Posted to user@hive.apache.org by Shouguo Li <th...@gmail.com> on 2011/11/09 00:19:57 UTC

Re: split into less files

i think that has to do with your configured block size, check what's your
value for dfs.block.size in /hdfs-site.xml
but just curious, why would number of files matter for your use case?


On Fri, Oct 21, 2011 at 1:18 AM, Vikas Srivastava <
vikas.srivastava@one97.net> wrote:

> Hey All,
>
>
> i have an issue like i got a table having single partition but in that
> partition say around 100 200mb files  when i overwrite this into other
> table its make 100 files of 20 mb(compressed) what i want is that it should
> make only 1 or 2 or 10 file of 200mb or 100mb
>
>
> means after overwrite its should make less no of file as compare to non
> compressed.
>
>
>
>
> --
> With Regards
> Vikas Srivastava
>
> DWH & Analytics Team
> Mob:+91 9560885900
> One97 | Let's get talking !
>
>

Re: split into less files

Posted by Matt Tucker <ma...@gmail.com>.
It sounds like you want to look at setting hive.merge.mapredfiles to true in your hive-site.xml.

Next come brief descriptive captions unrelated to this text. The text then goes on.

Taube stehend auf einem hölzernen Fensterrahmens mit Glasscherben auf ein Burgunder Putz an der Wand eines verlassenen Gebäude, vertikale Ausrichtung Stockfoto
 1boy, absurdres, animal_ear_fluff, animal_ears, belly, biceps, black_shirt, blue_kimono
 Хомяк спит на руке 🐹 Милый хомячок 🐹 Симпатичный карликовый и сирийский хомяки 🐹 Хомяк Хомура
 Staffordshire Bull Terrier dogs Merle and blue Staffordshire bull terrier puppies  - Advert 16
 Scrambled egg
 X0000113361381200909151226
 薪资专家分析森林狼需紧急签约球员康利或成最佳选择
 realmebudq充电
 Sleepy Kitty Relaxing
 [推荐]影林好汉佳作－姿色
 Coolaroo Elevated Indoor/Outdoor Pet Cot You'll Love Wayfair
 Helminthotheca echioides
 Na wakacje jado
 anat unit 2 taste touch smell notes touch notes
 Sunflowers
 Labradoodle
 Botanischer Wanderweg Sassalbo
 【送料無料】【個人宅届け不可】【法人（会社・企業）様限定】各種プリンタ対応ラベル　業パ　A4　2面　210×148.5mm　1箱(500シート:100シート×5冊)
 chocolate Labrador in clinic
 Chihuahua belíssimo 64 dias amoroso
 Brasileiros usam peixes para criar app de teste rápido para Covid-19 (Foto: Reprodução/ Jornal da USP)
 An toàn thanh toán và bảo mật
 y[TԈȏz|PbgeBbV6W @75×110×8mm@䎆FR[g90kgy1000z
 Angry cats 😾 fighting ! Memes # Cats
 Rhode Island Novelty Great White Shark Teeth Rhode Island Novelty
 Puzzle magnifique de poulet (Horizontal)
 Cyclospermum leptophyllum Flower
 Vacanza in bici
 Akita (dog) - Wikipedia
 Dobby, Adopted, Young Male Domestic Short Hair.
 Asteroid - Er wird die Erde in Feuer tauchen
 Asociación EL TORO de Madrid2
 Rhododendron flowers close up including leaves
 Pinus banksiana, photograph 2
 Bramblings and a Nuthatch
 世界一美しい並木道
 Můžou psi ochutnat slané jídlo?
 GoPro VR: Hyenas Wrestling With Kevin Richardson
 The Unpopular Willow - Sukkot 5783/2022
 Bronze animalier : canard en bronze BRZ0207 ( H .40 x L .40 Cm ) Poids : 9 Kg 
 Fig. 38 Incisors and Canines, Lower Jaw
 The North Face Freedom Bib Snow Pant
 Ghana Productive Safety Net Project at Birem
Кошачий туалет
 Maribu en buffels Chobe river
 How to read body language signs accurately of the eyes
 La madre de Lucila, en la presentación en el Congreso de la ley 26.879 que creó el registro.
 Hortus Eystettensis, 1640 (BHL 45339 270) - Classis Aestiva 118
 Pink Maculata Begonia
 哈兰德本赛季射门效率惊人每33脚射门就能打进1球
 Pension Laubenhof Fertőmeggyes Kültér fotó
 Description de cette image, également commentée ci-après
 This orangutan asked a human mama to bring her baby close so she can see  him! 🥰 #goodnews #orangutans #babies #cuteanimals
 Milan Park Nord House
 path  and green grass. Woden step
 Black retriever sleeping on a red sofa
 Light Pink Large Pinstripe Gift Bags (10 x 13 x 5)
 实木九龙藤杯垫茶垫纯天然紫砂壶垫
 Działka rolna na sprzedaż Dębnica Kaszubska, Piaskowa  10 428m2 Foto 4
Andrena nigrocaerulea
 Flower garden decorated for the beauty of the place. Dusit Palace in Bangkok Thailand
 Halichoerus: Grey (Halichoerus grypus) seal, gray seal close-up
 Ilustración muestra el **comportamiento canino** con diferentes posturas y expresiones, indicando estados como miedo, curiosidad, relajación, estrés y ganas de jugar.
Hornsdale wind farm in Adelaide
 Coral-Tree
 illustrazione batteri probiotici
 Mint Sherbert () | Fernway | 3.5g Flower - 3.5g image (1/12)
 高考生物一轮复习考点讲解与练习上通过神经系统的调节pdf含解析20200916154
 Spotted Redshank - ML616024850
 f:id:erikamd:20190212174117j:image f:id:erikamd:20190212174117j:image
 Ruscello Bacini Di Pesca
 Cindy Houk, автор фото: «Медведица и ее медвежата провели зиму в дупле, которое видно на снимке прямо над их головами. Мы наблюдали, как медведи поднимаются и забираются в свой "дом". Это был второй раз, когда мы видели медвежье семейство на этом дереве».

Just be aware that it will likely add another map step to your jobs to consolidate the files.

Matt Tucker



On Nov 8, 2011, at 6:19 PM, Shouguo Li <th...@gmail.com> wrote:

> i think that has to do with your configured block size, check what's your value for dfs.block.size in /hdfs-site.xml    
> but just curious, why would number of files matter for your use case?
> 
> 
> On Fri, Oct 21, 2011 at 1:18 AM, Vikas Srivastava <vi...@one97.net> wrote:
> Hey All,
> 
> 
> i have an issue like i got a table having single partition but in that partition say around 100 200mb files  when i overwrite this into other table its make 100 files of 20 mb(compressed) what i want is that it should make only 1 or 2 or 10 file of 200mb or 100mb
> 
> 
> means after overwrite its should make less no of file as compare to non compressed. 
> 
> 
> 
> 
> -- 
> With Regards
> Vikas Srivastava
> 
> DWH & Analytics Team
> Mob:+91 9560885900
> One97 | Let's get talking !
> 
>